Leaf leads No. 16 UCLA past San Diego
UCLA freshman forward T.J. Leaf, with a game-high 26 points in an 88-68 win over visiting San Diego on Thursday night, noted that he and the 16th-ranked Bruins were nearly unstoppable around the basket.
“They weren’t the biggest team inside and we exploited that,” Leaf said referring to San Diego (0-3) not having a player in its rotation taller than 6’7”. “We showed that we can win in different ways. We won’t live and die from 3-point range.”
Despite making only 5 of its 22 3-point attempts -- after making a school-record 18 in the season-opener last week against Pacific -- the Bruins (3-0) pulled away relying on high-percentage shots and with free throws (19-of-22 performance) because they attacked the basket.

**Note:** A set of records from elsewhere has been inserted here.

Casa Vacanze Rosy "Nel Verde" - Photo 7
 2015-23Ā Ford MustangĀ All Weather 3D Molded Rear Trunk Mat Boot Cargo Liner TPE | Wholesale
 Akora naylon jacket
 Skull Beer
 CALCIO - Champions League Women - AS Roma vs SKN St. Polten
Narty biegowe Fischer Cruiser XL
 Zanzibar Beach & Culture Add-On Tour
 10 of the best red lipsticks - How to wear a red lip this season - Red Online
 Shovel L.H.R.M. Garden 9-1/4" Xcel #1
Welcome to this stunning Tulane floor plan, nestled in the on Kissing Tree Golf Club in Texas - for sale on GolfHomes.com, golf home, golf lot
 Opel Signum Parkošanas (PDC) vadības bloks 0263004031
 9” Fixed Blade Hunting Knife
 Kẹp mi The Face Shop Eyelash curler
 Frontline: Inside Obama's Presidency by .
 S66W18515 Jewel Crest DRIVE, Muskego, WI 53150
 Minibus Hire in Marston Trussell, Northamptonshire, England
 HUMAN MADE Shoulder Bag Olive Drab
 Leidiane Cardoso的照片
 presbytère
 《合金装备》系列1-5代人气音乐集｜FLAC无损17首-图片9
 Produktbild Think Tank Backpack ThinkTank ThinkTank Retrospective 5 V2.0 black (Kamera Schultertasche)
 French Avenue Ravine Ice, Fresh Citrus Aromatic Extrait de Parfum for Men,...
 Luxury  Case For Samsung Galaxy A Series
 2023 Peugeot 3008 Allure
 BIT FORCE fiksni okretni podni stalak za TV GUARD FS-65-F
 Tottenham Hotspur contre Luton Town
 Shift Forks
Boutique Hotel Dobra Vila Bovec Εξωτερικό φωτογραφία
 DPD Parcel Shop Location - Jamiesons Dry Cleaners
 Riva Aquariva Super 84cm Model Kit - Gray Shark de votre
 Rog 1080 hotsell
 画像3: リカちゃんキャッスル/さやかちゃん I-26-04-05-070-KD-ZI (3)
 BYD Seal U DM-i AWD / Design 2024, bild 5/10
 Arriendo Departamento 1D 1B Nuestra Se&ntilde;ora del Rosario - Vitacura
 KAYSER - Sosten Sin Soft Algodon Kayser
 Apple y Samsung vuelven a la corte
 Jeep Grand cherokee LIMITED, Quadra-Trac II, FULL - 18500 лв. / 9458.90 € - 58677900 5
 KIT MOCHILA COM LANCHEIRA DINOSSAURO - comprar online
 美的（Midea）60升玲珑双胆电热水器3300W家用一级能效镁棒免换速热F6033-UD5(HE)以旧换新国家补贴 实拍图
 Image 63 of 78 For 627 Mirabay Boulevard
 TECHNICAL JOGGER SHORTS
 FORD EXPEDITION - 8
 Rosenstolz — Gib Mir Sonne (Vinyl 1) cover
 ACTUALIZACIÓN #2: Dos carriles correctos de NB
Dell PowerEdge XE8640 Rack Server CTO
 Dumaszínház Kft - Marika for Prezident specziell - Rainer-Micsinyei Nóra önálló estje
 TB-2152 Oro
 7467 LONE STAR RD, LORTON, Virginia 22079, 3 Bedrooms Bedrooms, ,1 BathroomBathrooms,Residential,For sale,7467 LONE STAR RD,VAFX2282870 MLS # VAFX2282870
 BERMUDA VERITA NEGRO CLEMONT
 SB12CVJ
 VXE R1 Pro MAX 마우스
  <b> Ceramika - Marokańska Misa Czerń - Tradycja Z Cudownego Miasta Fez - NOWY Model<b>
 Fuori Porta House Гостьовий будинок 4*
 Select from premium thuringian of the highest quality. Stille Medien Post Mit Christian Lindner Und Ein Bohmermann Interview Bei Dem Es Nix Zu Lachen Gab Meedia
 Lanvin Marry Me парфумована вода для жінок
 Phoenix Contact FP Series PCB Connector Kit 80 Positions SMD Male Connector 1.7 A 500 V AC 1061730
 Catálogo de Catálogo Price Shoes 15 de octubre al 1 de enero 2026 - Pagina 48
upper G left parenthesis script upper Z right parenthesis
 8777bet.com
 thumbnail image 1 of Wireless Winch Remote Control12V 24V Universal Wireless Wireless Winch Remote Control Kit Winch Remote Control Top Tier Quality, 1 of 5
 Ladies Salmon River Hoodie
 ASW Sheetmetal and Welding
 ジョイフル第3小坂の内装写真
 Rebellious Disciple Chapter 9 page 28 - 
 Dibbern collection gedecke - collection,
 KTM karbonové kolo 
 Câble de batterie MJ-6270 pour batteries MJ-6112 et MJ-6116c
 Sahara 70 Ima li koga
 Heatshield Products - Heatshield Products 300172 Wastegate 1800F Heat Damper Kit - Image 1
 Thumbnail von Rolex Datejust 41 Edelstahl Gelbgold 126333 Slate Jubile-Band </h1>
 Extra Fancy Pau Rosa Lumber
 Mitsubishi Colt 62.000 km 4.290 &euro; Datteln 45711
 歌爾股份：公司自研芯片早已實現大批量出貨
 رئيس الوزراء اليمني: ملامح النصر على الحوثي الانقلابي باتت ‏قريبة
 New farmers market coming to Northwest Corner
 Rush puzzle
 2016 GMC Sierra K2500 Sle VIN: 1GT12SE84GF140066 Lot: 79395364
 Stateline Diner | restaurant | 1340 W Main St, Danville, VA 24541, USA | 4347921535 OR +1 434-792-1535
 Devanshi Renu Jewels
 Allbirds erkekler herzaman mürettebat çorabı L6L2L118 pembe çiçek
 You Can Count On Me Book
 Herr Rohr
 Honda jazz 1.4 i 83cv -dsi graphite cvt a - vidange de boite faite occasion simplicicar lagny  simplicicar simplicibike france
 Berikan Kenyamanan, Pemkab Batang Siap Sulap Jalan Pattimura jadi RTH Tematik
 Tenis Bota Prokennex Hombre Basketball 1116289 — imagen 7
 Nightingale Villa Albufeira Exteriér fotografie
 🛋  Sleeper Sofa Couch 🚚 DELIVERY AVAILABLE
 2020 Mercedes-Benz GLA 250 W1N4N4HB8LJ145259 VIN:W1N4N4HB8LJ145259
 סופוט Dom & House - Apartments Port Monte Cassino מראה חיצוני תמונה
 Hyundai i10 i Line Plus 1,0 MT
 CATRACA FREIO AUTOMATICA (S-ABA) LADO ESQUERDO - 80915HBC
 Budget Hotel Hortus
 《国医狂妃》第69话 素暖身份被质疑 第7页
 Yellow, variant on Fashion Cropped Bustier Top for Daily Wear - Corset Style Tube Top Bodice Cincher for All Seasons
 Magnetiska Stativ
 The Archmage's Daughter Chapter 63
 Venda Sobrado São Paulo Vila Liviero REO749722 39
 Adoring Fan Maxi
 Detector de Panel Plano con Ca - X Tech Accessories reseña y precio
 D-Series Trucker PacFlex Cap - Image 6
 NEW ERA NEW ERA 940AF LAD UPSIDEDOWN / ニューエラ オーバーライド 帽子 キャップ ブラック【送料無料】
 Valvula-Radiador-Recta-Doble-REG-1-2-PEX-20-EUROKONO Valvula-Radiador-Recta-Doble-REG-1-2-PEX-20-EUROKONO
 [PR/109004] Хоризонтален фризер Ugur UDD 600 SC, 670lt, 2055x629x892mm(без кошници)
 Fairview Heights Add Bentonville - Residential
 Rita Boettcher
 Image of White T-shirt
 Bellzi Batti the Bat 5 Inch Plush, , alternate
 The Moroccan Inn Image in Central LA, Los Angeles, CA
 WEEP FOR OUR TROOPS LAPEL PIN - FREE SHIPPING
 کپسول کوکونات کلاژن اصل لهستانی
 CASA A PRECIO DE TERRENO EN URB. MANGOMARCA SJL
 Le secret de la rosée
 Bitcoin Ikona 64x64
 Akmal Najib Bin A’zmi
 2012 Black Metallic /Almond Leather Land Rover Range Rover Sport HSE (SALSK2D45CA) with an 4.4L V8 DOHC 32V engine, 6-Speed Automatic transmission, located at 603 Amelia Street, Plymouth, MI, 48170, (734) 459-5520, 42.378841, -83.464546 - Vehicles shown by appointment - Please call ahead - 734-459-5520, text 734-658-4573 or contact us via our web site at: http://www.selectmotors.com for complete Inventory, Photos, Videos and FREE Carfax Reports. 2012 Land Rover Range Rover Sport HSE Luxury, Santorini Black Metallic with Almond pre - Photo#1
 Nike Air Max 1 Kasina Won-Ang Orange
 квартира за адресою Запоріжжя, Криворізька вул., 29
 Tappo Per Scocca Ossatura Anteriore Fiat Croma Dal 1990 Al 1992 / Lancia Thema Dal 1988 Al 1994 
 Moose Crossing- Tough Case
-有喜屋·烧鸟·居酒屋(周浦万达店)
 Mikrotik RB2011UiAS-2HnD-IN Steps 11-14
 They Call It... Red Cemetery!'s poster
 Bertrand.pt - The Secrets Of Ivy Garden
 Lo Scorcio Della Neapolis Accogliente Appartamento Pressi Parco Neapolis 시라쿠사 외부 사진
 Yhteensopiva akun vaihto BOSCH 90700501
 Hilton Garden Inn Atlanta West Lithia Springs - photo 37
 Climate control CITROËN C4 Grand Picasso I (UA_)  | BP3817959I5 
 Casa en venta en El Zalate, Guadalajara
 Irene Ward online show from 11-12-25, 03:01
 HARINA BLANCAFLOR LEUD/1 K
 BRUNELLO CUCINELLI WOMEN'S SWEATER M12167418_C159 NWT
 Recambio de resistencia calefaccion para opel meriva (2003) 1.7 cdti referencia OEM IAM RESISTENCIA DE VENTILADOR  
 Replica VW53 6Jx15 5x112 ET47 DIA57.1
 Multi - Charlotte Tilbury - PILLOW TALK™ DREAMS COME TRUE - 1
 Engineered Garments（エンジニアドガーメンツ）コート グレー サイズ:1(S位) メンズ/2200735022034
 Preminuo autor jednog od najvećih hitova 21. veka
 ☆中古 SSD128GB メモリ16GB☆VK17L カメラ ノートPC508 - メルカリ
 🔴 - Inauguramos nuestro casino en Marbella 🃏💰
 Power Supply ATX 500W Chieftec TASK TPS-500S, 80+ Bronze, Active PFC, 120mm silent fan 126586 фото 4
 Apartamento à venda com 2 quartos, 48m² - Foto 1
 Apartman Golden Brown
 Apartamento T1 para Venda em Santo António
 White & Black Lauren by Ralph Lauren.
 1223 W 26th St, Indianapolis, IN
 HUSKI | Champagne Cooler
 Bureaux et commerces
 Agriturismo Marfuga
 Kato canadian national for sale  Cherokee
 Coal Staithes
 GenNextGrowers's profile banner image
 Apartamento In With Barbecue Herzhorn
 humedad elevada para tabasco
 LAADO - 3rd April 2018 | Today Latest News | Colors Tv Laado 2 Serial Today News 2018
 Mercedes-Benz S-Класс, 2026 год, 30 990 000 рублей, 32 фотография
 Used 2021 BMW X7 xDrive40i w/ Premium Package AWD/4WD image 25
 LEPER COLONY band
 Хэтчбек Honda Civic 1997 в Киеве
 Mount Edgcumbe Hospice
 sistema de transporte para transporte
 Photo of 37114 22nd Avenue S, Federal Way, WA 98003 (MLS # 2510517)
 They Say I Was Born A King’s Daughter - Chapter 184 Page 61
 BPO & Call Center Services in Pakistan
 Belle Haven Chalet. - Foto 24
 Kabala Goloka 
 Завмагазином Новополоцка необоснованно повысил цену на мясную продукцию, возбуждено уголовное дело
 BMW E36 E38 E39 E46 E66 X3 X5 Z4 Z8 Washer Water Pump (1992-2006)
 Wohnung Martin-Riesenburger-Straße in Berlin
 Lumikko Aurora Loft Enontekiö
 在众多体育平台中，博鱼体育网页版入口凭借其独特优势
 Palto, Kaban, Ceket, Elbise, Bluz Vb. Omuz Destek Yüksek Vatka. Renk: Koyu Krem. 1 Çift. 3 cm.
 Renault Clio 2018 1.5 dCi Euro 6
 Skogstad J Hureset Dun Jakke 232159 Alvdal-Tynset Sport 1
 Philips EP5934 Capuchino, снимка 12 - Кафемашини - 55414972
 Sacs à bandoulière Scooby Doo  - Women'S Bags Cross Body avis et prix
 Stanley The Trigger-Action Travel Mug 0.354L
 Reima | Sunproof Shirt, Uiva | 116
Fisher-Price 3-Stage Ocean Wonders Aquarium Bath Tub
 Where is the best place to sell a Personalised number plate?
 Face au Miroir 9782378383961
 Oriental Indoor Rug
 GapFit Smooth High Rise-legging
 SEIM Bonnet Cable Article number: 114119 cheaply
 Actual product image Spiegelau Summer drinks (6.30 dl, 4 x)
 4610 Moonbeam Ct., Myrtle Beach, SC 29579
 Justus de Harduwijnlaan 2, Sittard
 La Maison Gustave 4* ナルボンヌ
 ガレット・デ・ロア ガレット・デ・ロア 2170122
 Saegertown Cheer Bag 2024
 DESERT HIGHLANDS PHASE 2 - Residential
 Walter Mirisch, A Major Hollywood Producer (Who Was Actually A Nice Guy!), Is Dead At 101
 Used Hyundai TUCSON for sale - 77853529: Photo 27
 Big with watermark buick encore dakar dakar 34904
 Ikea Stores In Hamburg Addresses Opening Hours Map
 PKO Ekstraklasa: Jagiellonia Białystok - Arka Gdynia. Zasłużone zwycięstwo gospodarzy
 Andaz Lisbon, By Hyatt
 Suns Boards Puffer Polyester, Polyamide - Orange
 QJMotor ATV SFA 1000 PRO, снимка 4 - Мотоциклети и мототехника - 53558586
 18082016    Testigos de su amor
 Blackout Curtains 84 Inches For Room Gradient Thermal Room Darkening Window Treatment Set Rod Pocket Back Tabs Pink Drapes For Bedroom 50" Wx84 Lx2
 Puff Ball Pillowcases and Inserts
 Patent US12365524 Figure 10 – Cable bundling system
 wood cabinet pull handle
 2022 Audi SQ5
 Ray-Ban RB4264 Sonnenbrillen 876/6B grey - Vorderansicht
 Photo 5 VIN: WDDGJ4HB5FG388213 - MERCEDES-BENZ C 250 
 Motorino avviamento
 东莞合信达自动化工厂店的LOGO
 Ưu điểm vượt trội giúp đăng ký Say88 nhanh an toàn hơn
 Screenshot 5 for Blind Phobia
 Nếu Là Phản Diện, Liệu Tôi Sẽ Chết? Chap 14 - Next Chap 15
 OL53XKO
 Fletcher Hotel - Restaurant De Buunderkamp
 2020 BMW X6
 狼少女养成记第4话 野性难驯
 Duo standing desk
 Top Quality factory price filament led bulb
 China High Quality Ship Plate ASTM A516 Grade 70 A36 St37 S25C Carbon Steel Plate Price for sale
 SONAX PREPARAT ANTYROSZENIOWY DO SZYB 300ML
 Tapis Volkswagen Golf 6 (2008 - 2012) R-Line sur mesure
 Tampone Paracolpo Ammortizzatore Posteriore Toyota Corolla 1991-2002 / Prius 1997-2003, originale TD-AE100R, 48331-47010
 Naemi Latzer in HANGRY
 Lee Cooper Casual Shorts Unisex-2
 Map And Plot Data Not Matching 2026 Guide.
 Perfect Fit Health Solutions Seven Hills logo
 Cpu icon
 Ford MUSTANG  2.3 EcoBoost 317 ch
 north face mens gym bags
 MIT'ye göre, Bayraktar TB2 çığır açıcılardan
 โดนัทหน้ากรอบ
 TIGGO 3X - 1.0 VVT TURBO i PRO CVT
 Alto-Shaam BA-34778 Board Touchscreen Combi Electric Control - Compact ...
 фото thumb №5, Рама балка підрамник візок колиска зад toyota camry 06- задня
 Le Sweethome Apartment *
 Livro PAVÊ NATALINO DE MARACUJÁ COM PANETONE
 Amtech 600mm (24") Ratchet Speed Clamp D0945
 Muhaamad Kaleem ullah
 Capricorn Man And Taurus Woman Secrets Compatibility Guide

The Bruins, starting the 6-foot-10 Leaf and 7-footer Thomas Welsh, took advantage of their size advantage over the Toreros, outscoring them 46-22 in the paint. Leaf scored 10 of the Bruins’ first 15 points in the second half on three dunks and two layups.
“I told our guys at halftime that we don’t want to settle on offense,” UCLA coach Steve Alford said. “We want to be aggressive and get the high-percentage shots by attacking the rim.
“We had only four assists in the first half but finished with 21. That’s a good indication of us moving the ball, working the ball for good shots and not settling.”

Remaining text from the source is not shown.